Les Suissesses veulent faire entendre leur voix. Les femmes sont appelées à faire grève en Suisse ce vendredi 14 juin, pour l'égalité des sexes. Vingt-huit ans jour pour jour après la première grève féministe de l’histoire du pays, cette mobilisation promet d'être historique, les débrayages n'étant pas dans les habitudes des Suisses.
«Du respect, du temps, de l'argent !», tel est le mot d'ordre de cette manifestation. Les revendications des syndicats et des collectifs féministes à l'origine de cette grève sont en effet multiples : égalité des salaires, lutte contre les violences sexistes, meilleure conciliation entre travail et vie privée...
Il faut dire que la Suisse est loin d'être un exemple d'égalité des sexes. Au niveau salarial, les femmes touchent environ 20 % de moins que les hommes. Et à conditions égales - même formation et ancienneté notamment -, l'écart est encore de près de 8 % selon le gouvernement. Le congé paternité n'est fixé qu'à un seul jour (c'est onze en France), et les places en crèches sont chères, freinant la participation des femmes au marché du travail. Par ailleurs, une femme sur dix est licenciée à son retour de congé maternité. Sans compter leur sous-représentation dans les cercles de pouvoir politiques et économiques.
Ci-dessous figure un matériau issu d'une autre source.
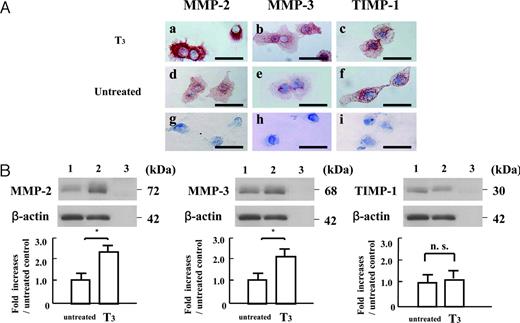 The protein expression of MMP-2, MMP-3, and TIMP-1 in cultured early placental EVTs after 48-h subsequent culture on FN-precoated dishes, as assessed by immunocytochemical and Western immunoblot analyses. A, Immunocytochemical detection of MMP-2, MMP-3, and TIMP-1 in cultured early placental EVTs after 48-h subsequent culture in the presence or absence of T3 (10−8m). MMP-2, MMP-,3 and TIMP-1 proteins were abundant in the cytoplasm of cultured EVTs after 48-h subsequent culture. Replacement of the primary antibody with nonimmune rabbit or goat IgG resulted in a lack of positive immunostaining in the cultured EVTs (g–i). The expression of MMP-2 and MMP-3 in cultured EVTs treated with T3 was more abundant than that in untreated cultures. However, there was no apparent change in the expression of TIMP-1 protein between the cultured EVTs treated with T3 and untreated cultures. Bars, 50 μm. B, Western immunoblot analyses of MMP-2, MMP-3, and TIMP-1 in cultured early placental EVTs after 48-h subsequent culture in the presence or absence of T3 (10−8m). Each 200-μg aliquot of proteins extracted from cells after 48-h subsequent culture was subjected to Western immunoblot with polyclonal antibodies to recombinant MMP-2, MMP-3, and TIMP-1 proteins as described in Materials and Methods. The amounts of MMP-2, MMP-3, and TIMP-1 proteins were expressed relative to the abundance of β-actin protein. Data were presented as the fold increases over the average intensity of β-actin protein. Treatment with T3 significantly increased the expression of 72-kDa MMP-2 and 68-kDa MMP-3 in the cells compared with those in untreated cultures (P < 0.05), whereas the expression of 30-kDa TIMP-1 in the cells treated with T3 was comparable with that in untreated cultures. Experiments were repeated five times with similar results for each. Lane 1, Untreated cultures; lane 2, T3 (10−8m)-treated cultures; lane 3, negative control. Each value is expressed as the mean ± sd. *, P < 0.05. n.s., Not significant.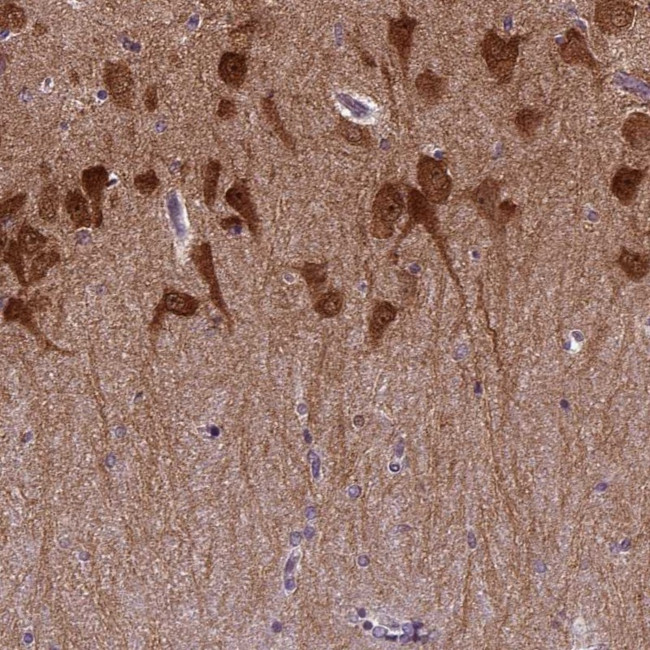 PRRT1 Antibody in Immunohistochemistry (Paraffin) (IHC (P))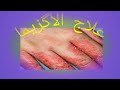 علاج الأكزيما في ثلاثة أيام ولن تعود أبدا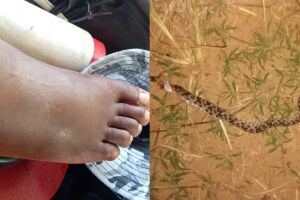Caminhoneiro &eacute; picado por jararaca no Pantanal e dirige por horas em busca de socorro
La Suisse a toujours été à la traîne dans ce domaine. Il a en en effet fallu attendre 1971 pour que les femmes aient le droit de vote, soit 27 ans après la France et 53 ans après l'Allemagne et le Royaume-Uni. Le principe d'égalité hommes-femmes n'est, lui, inscrit dans la Constitution qu'en 1981. Cette avancée n'ayant débouché sur aucun progrès réel, un demi-million de femmes ont défilé le 14 juin 1991 aux quatre coins du pays, pour réclamer l'application de la loi. Une manifestation monstre, au vu des 3,46 millions d'habitants du pays à l'époque.
«Cette grève est a priori illicite»
Cinq ans plus tard, l'article constitutionnel sur l'égalité des sexes entrait en vigueur. Depuis, des avancées sont à noter, avec notamment la dépénalisation de l'avortement en 2002 et la mise en place d'un congé maternité payé de 14 semaines en 2005. Pas suffisant selon les collectifs féministes et les syndicats, qui ont par ailleurs été déçus l'an dernier de la révision de la loi sur l’égalité. Le texte n'impose en effet pas de sanctions aux entreprises qui ne respectent pas l'égalité des salaires, et le contrôle des rémunérations a été limité aux sociétés de plus de 100 personnes.
De là a germé l'idée de la mobilisation de ce vendredi qui, portée par la vague #MeToo, pourrait rassembler un million de personnes (pour 8,5 millions d'habitants) selon le quotidien suisse Le Temps. Mais le nombre de manifestants est très difficile à estimer, la grève ne faisant pas partie des traditions suisses. En effet, une convention signée par le patronat et les syndicats en 1937, instaurant la «paix du travail», exclue le recours à la grève au profit de la négociation.
«Cette grève est a priori illicite», a ainsi déclaré l'un des représentants de l'Union patronale suisse, Marco Taddei. Quelques entreprises ou collectivités feront tout de même un effort, en payant un jour d'absence à leurs salariées (comme la ville de Genève). Mais une majorité de femmes devraient être obligées de prendre une journée ou une demi-journée de congé vendredi si elles veulent participer à la mobilisation. Mais «il ne s’agit pas seulement d’une grève du travail rémunéré. Il y aura aussi une grève du ménage, du 'prendre soin', de la consommation», explique au Parisien Anne Fritz, coordinatrice de la contestation à l’Union syndicale suisse.